School officials say they have the right to ban the flag because they have a responsibility to maintain order. In some schools, the flag is so contentious that its display can lead to fights among students.

Krista Abram of Tarpon Springs, Fla., tried to get the Confederate flag banned at her high school last year. "I've done the research on its history," said Abram, who is biracial. "It's a racist symbol."

Abram says people who wear the Confederate flag are indirectly supporting slavery, because the Confederate states fought the Union in part to maintain the right of their citizens to own slaves.

Take part in a CE poll on this News Debate at www.weeklyreader.com/ce.> WHAT NOT TO WEAR?

Get Talking

Tell students that a Kentucky teenager was not allowed to attend her prom because she was wearing a Confederate flag dress. Ask students: Why is the Confederate flag controversial? What does it represent? What other symbols might be considered controversial in schools?

Notes Behind the News

Perhaps the most famous incident of students successfully suing a school over a dress code occurred in 1965 in Des Moines, Iowa. John F. Tinker. 15. Christopher Eckhardt, 16, and Mary Beth Tinker, 13, decided to wear black armbands to school to protest the government's policy in Vietnam.

School officials got wind of the plan, and adopted a policy that any student wearing an armband to school must remove it or be suspended. Christopher, John, and Mary Beth wore the armbands to school and were suspended after they refused to take them off.

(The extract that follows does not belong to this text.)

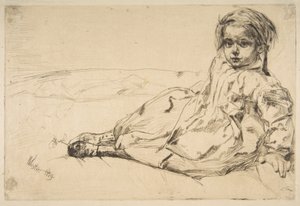 Bibi Valentin av James McNeill Whistler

Their fathers filed a complaint against the schools, but a judge ruled in the schools' favor, saying the rule was needed "to prevent the disturbance of school activities." However, the U.S. Supreme Court ruled that the students' behavior was protected by the Free Speech Clause of the First Amendment because the students were quiet and passive, were not disruptive, and did not infringe upon the rights of others.

Doing More

Have students research the Tinker case. Ask: How does the Tinker situation compare to Jacqueline Duty's lawsuit? Do you think Jacqueline will win her case? Why or why not?